As described above, according to the present invention, detailed information on the operating state of the monitored CPU, and a command such as a recovery procedure for the monitored CPU when a monitored CPU fails. An area for storing, detailed information on the operating state of the monitored CPU, and an area for transmitting and receiving normal data other than commands such as a recovery procedure stored by the monitoring CPU when a failure occurs in the monitored CPU A common memory consisting of, and using the common memory, which part of the task being processed by the monitored CPU has runaway,
It is possible to provide a simple multiprocessor monitoring system that can be identified by the monitoring CPU.

Further, according to the present invention, the monitoring CPU is
It is possible to provide a simple multiprocessor monitoring system capable of identifying detailed operation state information such as an operation history of a runaway monitored CPU until a failure occurs.

[Brief description of the drawings]

FIG. 1 is a diagram showing a configuration of a simple multiprocessor monitoring system of the present invention.

FIG. 2 is a flowchart showing an operation of a sub CPU.

FIG. 3 is a flowchart showing the operation of the runaway monitoring module of the sub CPU according to the first embodiment of the present invention.

FIG. 4 is a flowchart showing an operation of the main CPU unit according to the first embodiment of the present invention.

FIG. 5 is a flowchart showing the operation of the runaway monitoring module of the sub CPU according to the second embodiment of the present invention.

FIG. 6 is a flowchart showing the operation of the main CPU unit according to the first embodiment of the present invention.

FIG. 7 is a diagram showing a configuration of a conventional multiprocessor monitoring system.

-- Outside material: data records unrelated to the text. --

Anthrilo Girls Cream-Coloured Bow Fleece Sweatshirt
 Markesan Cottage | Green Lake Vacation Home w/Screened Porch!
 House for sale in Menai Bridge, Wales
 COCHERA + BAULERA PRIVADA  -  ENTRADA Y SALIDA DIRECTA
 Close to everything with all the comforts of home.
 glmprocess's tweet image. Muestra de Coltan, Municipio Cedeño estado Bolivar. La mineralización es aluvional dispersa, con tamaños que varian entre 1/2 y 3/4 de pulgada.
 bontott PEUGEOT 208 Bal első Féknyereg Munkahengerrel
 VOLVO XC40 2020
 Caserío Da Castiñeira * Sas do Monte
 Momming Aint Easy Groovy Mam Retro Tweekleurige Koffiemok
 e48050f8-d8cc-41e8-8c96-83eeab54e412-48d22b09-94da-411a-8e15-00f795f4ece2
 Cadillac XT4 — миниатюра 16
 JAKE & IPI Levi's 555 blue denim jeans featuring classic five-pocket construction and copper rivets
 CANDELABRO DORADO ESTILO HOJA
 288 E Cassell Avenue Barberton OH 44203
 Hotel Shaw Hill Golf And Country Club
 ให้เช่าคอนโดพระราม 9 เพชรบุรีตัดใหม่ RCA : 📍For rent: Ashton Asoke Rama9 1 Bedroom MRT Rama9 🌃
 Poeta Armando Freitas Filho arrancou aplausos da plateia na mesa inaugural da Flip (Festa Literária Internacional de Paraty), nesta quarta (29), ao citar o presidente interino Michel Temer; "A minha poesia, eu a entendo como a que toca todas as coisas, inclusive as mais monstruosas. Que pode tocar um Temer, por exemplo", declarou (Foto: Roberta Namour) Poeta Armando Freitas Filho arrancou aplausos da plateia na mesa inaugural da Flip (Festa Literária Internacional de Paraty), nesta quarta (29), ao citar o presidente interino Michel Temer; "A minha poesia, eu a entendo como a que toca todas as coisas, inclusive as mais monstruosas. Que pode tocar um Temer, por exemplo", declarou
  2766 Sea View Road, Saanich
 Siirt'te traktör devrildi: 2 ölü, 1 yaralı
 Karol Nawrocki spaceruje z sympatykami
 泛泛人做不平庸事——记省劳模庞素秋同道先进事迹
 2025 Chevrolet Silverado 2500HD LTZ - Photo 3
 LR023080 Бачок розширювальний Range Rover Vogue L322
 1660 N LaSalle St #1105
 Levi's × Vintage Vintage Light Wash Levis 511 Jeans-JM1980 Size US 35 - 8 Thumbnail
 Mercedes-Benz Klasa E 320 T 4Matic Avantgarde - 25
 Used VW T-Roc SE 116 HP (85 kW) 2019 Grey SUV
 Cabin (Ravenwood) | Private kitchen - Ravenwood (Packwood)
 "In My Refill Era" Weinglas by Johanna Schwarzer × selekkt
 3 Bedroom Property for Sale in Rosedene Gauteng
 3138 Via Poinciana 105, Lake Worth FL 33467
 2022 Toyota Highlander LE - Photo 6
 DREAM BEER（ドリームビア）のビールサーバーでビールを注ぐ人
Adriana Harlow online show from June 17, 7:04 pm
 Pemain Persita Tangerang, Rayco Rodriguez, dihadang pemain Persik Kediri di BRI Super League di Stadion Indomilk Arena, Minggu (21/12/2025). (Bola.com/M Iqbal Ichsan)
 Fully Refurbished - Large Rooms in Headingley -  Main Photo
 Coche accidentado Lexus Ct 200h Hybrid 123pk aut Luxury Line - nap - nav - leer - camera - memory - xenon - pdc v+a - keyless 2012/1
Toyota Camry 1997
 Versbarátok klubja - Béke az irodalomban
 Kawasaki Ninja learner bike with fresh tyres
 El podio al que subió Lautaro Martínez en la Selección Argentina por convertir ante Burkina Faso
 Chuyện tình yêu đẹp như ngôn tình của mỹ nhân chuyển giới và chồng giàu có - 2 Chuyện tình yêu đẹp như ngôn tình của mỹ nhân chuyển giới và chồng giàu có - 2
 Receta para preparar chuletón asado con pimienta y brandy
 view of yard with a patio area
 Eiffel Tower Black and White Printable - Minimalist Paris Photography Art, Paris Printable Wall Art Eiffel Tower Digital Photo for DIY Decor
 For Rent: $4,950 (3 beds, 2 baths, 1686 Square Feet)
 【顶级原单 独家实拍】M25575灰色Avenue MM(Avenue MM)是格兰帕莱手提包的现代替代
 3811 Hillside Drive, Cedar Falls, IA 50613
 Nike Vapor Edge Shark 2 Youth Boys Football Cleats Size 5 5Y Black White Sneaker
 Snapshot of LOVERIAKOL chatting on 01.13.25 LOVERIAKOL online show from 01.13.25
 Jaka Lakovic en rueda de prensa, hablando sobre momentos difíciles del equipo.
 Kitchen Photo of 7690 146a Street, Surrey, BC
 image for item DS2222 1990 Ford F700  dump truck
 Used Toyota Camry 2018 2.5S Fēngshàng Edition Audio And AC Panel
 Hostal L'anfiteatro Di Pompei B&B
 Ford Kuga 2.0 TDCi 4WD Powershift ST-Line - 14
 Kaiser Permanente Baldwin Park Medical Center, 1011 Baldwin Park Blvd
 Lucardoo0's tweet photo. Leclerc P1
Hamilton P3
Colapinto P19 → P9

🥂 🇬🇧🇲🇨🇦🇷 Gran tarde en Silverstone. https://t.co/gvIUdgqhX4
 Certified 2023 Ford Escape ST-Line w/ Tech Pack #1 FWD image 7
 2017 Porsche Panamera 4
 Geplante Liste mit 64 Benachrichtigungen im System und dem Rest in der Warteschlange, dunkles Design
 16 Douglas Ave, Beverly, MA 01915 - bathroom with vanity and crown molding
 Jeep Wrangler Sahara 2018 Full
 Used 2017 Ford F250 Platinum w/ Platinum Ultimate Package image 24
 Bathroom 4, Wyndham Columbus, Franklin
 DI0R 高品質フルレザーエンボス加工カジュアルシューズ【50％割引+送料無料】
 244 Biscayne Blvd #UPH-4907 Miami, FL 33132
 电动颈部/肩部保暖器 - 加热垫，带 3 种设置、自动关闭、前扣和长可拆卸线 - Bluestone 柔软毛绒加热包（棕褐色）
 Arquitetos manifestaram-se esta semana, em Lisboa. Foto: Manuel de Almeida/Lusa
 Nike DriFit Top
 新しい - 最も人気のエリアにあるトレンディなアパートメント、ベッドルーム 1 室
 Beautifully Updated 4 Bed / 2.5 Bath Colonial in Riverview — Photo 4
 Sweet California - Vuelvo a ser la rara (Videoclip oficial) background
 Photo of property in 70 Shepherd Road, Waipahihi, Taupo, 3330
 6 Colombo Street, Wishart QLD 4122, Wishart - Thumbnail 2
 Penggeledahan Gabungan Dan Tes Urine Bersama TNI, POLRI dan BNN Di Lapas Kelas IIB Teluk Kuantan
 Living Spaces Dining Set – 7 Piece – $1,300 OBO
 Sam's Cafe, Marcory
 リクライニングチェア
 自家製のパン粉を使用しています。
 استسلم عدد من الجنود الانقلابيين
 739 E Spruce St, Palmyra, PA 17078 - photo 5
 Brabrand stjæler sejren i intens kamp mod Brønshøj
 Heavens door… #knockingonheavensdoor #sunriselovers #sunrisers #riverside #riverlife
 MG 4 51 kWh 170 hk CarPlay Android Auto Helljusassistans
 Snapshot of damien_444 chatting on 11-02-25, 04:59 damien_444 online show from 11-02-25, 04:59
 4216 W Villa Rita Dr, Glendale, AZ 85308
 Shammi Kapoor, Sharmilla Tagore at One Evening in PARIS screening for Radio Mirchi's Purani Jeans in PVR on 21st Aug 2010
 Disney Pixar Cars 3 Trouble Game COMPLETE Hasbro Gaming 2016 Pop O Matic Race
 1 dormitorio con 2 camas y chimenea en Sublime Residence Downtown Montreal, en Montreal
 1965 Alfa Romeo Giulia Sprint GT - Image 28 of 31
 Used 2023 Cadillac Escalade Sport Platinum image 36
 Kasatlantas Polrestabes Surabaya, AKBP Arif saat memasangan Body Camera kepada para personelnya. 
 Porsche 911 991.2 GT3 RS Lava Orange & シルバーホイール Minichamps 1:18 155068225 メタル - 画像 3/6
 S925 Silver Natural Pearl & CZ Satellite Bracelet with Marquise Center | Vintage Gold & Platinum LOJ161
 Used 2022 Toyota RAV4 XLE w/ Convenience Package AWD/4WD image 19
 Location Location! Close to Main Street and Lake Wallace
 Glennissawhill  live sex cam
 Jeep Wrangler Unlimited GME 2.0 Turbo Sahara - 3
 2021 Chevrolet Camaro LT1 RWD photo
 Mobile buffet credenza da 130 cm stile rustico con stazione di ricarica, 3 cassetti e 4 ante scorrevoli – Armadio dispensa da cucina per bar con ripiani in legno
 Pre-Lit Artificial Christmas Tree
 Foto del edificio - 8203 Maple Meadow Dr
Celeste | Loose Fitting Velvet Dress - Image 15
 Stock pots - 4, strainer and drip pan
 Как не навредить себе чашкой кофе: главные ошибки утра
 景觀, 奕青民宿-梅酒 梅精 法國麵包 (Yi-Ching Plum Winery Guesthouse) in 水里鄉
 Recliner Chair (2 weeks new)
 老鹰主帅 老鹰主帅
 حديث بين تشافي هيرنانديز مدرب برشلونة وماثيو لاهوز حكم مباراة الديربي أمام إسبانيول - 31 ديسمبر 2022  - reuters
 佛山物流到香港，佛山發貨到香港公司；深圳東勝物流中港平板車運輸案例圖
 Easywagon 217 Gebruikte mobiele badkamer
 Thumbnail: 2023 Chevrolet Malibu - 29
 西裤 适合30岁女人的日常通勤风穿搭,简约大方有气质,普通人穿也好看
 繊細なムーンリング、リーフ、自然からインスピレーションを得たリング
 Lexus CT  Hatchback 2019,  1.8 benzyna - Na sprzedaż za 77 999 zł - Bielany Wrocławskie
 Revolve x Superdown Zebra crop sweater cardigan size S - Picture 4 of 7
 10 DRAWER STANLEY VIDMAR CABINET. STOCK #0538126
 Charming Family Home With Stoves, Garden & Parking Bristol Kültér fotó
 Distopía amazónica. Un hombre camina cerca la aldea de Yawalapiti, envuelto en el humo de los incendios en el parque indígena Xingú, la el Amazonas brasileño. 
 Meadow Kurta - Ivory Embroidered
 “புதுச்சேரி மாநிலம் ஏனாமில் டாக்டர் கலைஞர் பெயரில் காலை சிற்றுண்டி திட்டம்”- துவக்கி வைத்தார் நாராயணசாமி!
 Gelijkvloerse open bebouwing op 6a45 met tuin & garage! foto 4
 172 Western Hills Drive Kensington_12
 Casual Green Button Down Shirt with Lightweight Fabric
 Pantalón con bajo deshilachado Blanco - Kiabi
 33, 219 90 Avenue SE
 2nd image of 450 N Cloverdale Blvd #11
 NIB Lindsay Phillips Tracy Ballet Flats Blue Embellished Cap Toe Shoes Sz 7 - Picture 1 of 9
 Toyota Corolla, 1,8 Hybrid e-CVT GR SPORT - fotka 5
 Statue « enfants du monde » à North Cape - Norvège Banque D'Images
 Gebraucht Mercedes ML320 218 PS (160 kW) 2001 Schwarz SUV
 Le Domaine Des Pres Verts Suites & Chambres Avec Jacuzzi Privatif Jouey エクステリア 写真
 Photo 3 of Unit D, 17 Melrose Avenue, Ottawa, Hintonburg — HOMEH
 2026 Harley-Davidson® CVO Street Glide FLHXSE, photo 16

[Explanation of Codes] 1 main CPU 11, 21 common memory 31, 41 sub CPU 2, 32, 42 ROM 3, 33, 43 RAM 100 monitoring CPU 103 stall timer 107 reset signal 109 NMI signal 110 common memory (dual port RA
M) 200 Monitored CPU

Claims (4)

[Claims] 1. A main CPU, at least one sub CPU, and a common memory provided between the main CPU and each of the sub CPUs and commonly used by the main CPU and each of the sub CPUs. In the simple multiprocessor monitoring system, the common memory includes a detailed operation state information of the sub CPU and a status / command area for storing a command from the main CPU to the sub CPU, and the main CPU stores the common memory in the common memory. A simple multiprocessor monitoring system, wherein each sub CPU is monitored by referring to detailed operation state information stored in the state / command area. 2. The simple multiprocessor monitoring system according to claim 1, wherein each of the sub CPUs writes the status of each of the sub CPUs in the status / command area of each of the common memories as the detailed operation status information. The main CPU reads the operation state detailed information and determines the run state, so that when a runaway occurs in each sub CPU, the runaway occurs in which part of the task the sub CPU is processing. A simple multiprocessor monitoring system characterized by being able to detect whether or not it has. 3. The simplified multiprocessor monitoring system according to claim 2, wherein one of the main CPU and the common memory has a unit for accumulating the sub CPU state information, so that the failure of the sub CPU occurs. A simple multiprocessor monitoring system characterized by being able to store the operation history up to the occurrence. 4. The simplified multiprocessor monitoring system according to claim 3, wherein the main CPU has a function of detecting the operation history, and when a failure occurs in the sub CPU, the detected operation history. A simple multiprocessor monitoring system characterized by performing a recovery procedure process corresponding to the failure on the sub CPU based on the above.